The Radio Derb transcript is up here—sample quote:

A disordered world. To round out this week of horrors, here are a couple more, one new and one old.

The new horror was the toddler killed by an alligator at Disney World in Florida on Tuesday. Two-year-old Lane Graves from Nebraska was paddling in shallow water in a lake by one of the Disney vacation hotels when a 7-foot alligator appeared and dragged him away. Lane’s body was found the next day.

There is no political angle here that I can think of. Indeed, it seems impertinent even to think of thinking of one. I hope you’ll allow me, though, to say that there is something metaphysical, something cosmic, about this particular horror. At Disney World! While the family was on vacation!

The phrase that came into my mind, and no doubt many others, was the old Latin tag et in Arcadia ego. The tag is spoken by Death, and he’s saying: “I’m here too, even in Arcadia — the loveliest, happiest place. I’m here too.”

British commentator Katie Hopkins, who worked in a Disney park one college vacation, got closest to my own mood here. Quotes from her:

The real horror of the thing is that it happened at Disney — where dreams come true … It seems death is laughing at us from backstage. You fools, you believe in dreams? You know, here at Disney, nightmares happen too …

Everything [at Disney] is perky and upbeat — from Hakuna Matata piped at the line for the bathroom to Elsa the Ice-Queen’s boobs.

Which makes the tragedy of the toddler on the beach so stark.

Even if you exhaust your duties as a mother, it is still possible a monster from the deep might come and eat your child.

In a world of terror threats and gun-toting nutters, just where does The Fear end? What can you put your trust in?

When dreams fail and nightmares happen, all you have left is chance. Roll the dice, hope your baby is the lucky one to make it through.

End quote.

I keep thinking also of the classic Chinese tales, where the fall of a dynasty is prefigured by disorders in the natural world: earthquakes, strange vapors in the palace halls, two-headed cattle being born, and, in one of them, hens turning into roosters.

And then an older horror was brought back to us this week. This was the 2007 murder in New Haven, Connecticut of Jennifer Hawke-Petit and her two young daughters, ages 11 and 17, during a grisly home invasion. The man of the house, Dr. William Hawke-Petit, was beaten, tied up, and forced to listen to his wife being raped by the two intruders. He managed to crawl away unseen; but the intruders then killed his wife and raped and murdered his daughters. I have no stomach to give any details; read them for yourself if you can bear to.

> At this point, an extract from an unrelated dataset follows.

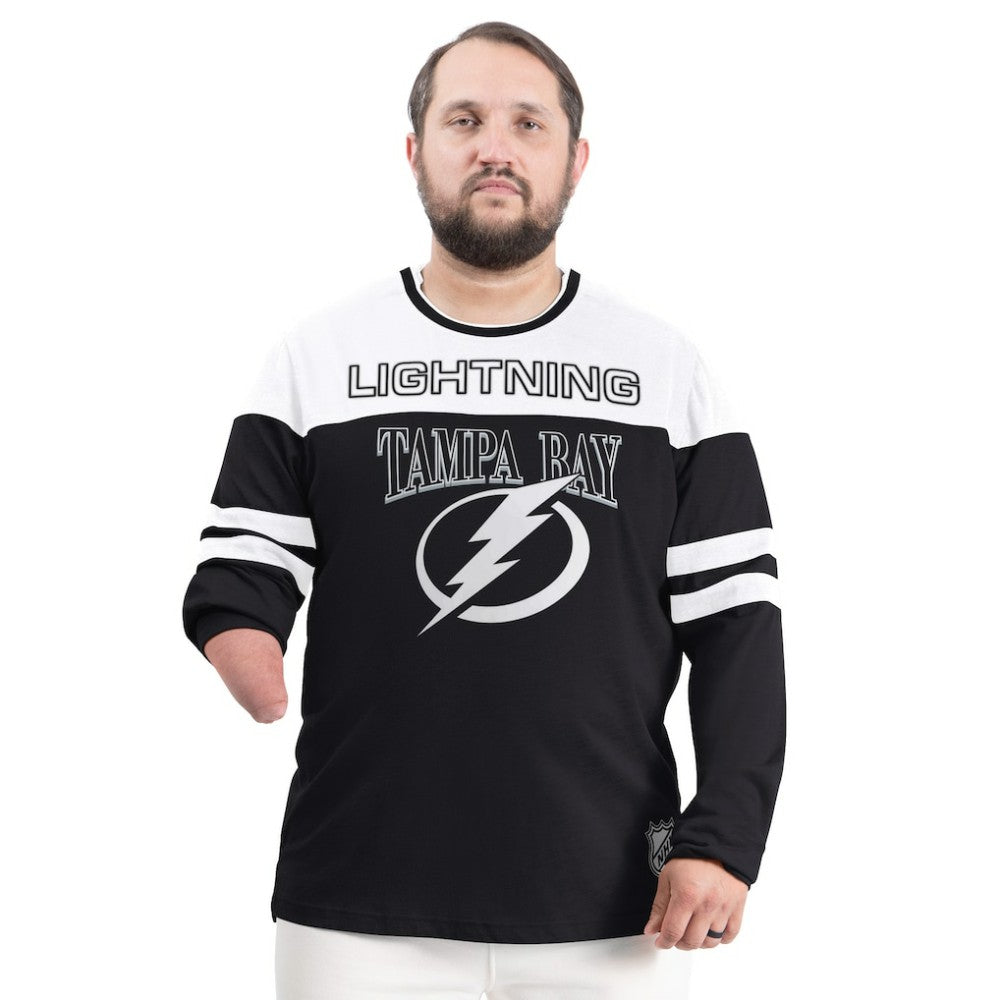 Tampa Bay Lightning G-III Sports by Carl Banks Adaptive Wear Outlast Durene Long-Sleeve T-Shirt Black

The two beasts who did this, names Hayes and Komisarjevsky, were found, tried, convicted, and sentenced to death in 2010 and 2011 separately. Then in 2012 the state legislature voted to repeal capital punishment for future cases; and last year all 11 criminals on death row had their sentences commuted.

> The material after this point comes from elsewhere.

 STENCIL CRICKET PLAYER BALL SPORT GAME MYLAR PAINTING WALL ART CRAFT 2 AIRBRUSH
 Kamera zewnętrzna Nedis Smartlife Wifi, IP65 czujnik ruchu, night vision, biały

This week Hayes, one of the New Haven killers, learned what his death sentence has been commuted to: six terms of life imprisonment without parole, to be served consecutively. Komisarjevsky’s case is still being adjudicated.

Hearing this weeks’ result, Dr. Petit tweeted that, quote: “It is a very sad day when a prolonged trial and decision and sentencing by a jury that took 4½ months to seat is overturned by a legislature that ignores the wishes of the people of CT,” end quote.

I second that sentiment, but would add the following.

Shame on the people of Connecticut for allowing some fools in robes to deny them a just sentence fairly pronounced and richly deserved.